One of the principles of science is to acknowledge the limits of our knowledge. As yet, there is no complete list of all the creatures with which we share the planet, a 2011 attempt to come up with a definitive number concluded that there were 8.7 million species on Earth, but admitted a possible error of 1.3 million species either way. Other estimates have gone as high as 100 million species. It’s in the grey area that this uncertainty leaves that cryptozoology flourishes.
Cryptozoology is concerned with those creatures that science cannot yet list and define but for which there is some evidence- often in myth or legend.
Scientists discover new species all the time, but cryptozoology generally has bigger fish to fry than an uncategorised, highly-localised new type of leech only found up a particular tributary of the Amazon. The favourites of cryptozoologists tend to be big and impressive. You know many of them: Bigfoot, the Chupacabra, the Loch Ness Monster, the Yeti and so on. They’d also love to discover animals believed to have gone extinct, dinosaurs most of all. Species out of place, like the big cats of Britain or the crocs in the sewer of urban legend, often given a localised “beast of…” tag, are another enthusiasm.
Myths and folk tales are happy hunting grounds for cryptozoologists, and some of them believe that the tales of extraordinary creatures like unicorns may hide some truth as yet hidden from conventional science.
Cryptozoologists point to creatures that now sit happily in reference books that were once considered to be mythical, or whose characteristics had been fantastically distorted by historical sources.

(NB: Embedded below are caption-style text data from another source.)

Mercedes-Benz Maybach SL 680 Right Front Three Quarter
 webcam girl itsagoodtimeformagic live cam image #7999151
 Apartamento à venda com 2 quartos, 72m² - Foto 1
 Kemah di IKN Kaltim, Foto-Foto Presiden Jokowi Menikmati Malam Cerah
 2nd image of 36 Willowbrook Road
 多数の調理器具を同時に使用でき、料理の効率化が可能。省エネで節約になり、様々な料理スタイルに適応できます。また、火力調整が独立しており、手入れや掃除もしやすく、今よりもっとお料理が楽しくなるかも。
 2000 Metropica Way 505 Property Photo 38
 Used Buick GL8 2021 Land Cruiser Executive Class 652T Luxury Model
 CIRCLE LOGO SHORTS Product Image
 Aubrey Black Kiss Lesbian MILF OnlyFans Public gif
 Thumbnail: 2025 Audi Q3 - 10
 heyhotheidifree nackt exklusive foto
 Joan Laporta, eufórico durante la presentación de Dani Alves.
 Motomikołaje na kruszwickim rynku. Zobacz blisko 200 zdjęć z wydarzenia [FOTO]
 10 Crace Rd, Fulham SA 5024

The komodo dragon was long rumoured before it was ever seen by western scientists. The coelacanth – the classic “living fossil” – was believed to have gone extinct 65 million years before living examples were found in 1938. Until 2002 there was no photographic image of an adult giant squid. Even the mountain gorilla was dismissed as another mystery “ape-man” for centuries until a specimen was shot (not a good move) by a German soldier in 1902.